May 6, 2022

Collaborative Development of Microbiome Apps from ENIGMA and KBase

KBase has been working with the Ecosystems and Networks Integrated with Genes and Molecular Assemblies (ENIGMA) project to develop apps that support both our project missions and our user community. The ENIGMA project is managed by Paul D. Adams and led by Adam P. Arkin at Lawrence Berkeley National Laboratory (LBNL) and aims to advance knowledge of microbial biology and better understand effects of microbial communities on constituent organisms and abiotic factors around them across multiple scales. ENIGMA studies everything from single molecules to ecosystems at large to unlock how they are interconnected. We’re highlighting a few of the apps created by the efforts of the ENIGMA SFA team that enable KBase users to perform taxonomic and functional profiling of microbiome data on system.

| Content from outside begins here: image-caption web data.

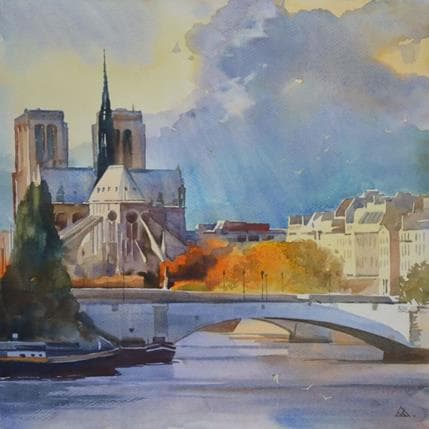 Painting Paris J3 by Khodakivskyi Vasily | Painting Figurative Watercolor Urban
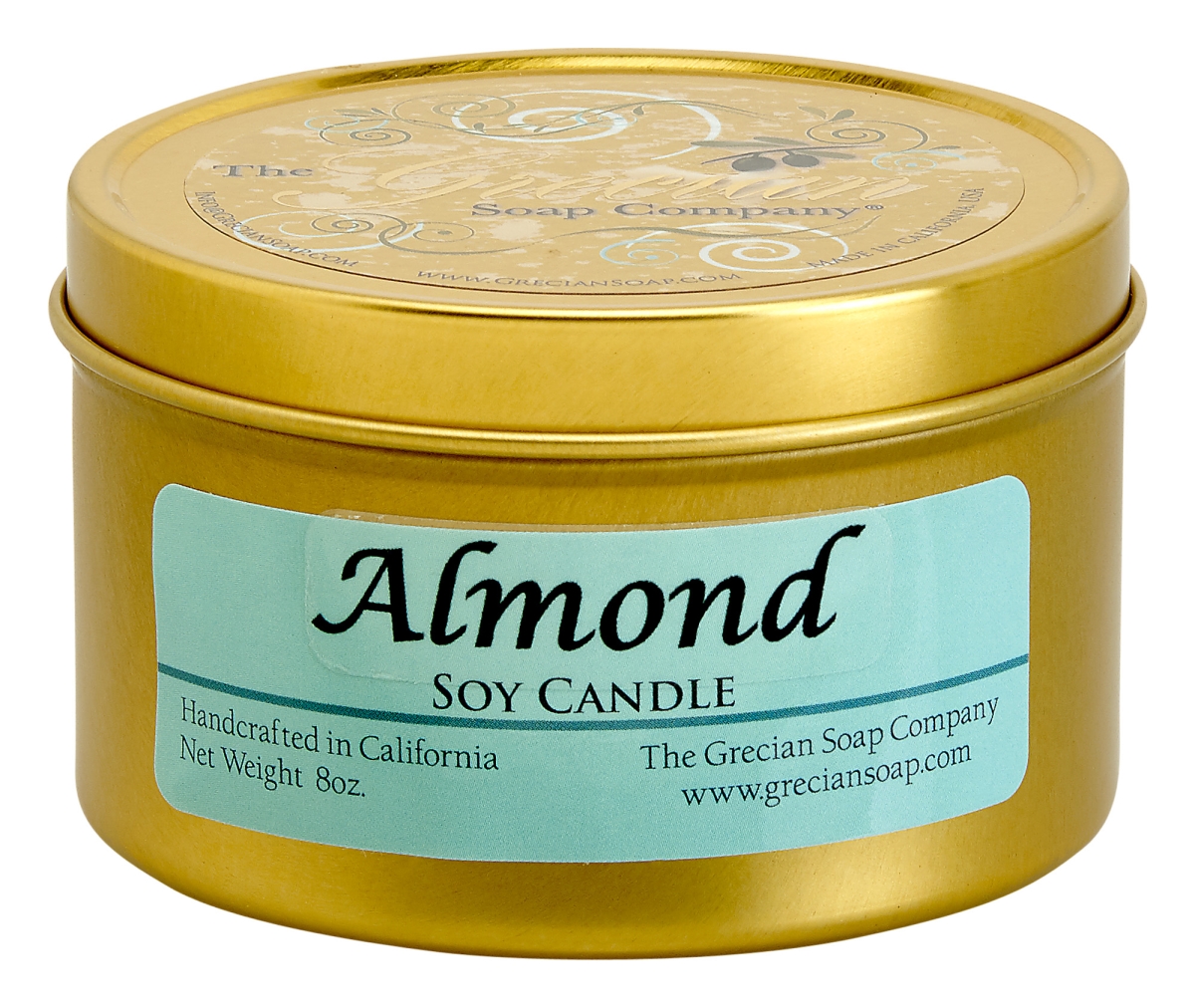 Picture of Greciansoap CAN-01 8 oz Almond Hand Poured Soy Candles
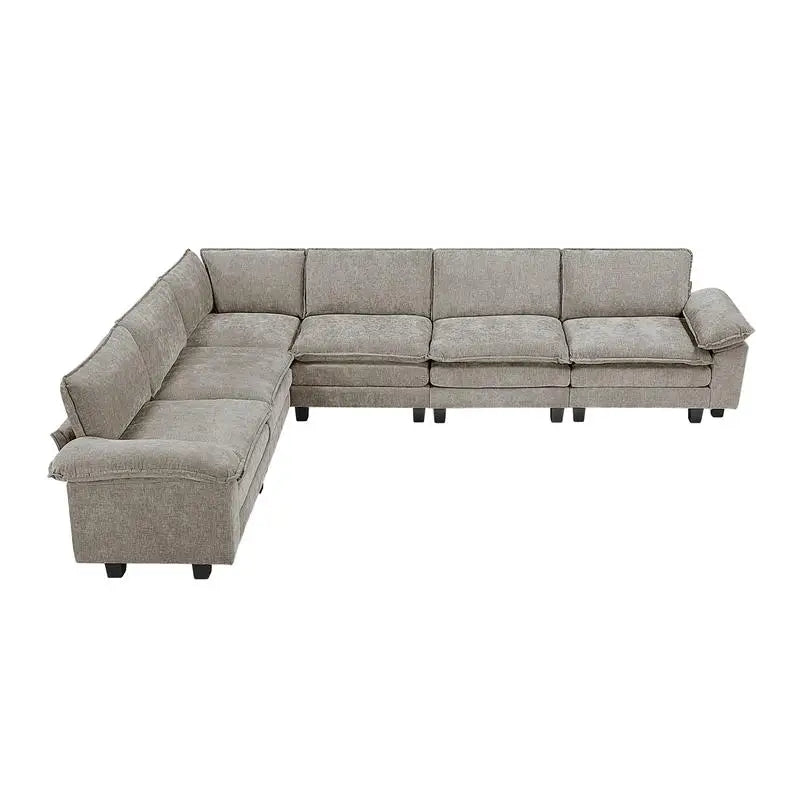 Plush Cenille Modular Sectional Sofa Set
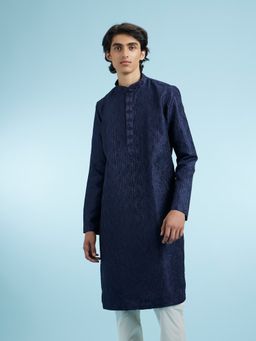 Manyavar - Blue Art Silk Kurtas for Men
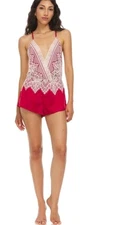 Flora Nikrooz Collection Romper Womens Size Large Red Ivory Genevieve Lace Satin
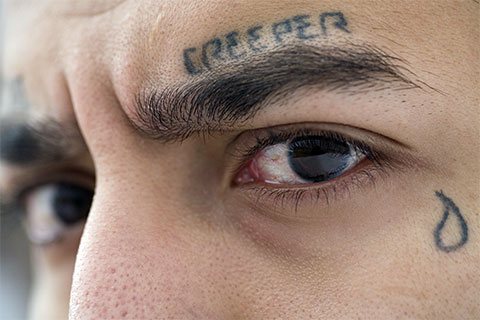 Tattoo of a teardrop under the eye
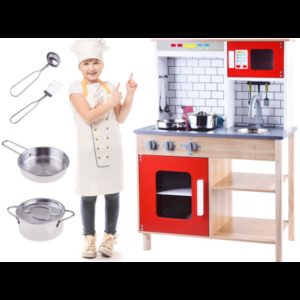 ZA3574 DR Dřevěná kuchyňka s doplňky pro děti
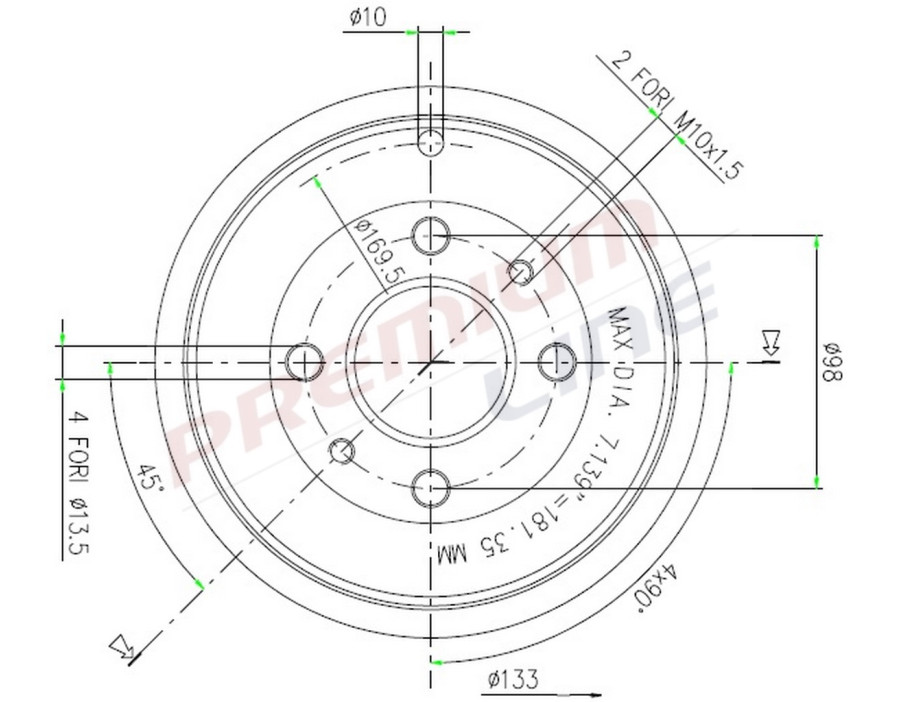 T24_TAMBURO FRENO POST  DIAM 180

Functional Profiling with Fama

KBase has three apps for performing functional profiling using the Fama computational toolkit: 1) Run Fama Reads Profiling, 2) Run Fama Genome Profiling, and 3) View Fama Functional Profile.The first two apps append functional information to your reads, assemblies, or genomes in KBase from curated databases of proteins. View Fama Functional Profile then creates an interactive display of the functional characteristics of your genomes or microbial communities. Fama runs a similarity search for all predicted proteins in a genome using fast aligner DIAMOND and customized databases of reference proteins. Reference data includes three reference datasets:

nitrogen cycle enzymes dataset for functional and taxonomic profiling of nitrate/nitrite/ammonia metabolic genes
30 families of universal single-copy marker proteins from complete bacterial and archaeal genomes for taxonomic profiling and check for contamination
Ribosomal protein L6 sequences from genomes of cultivated bacteria and metagenome-assembled genomes for fast taxonomic profiling.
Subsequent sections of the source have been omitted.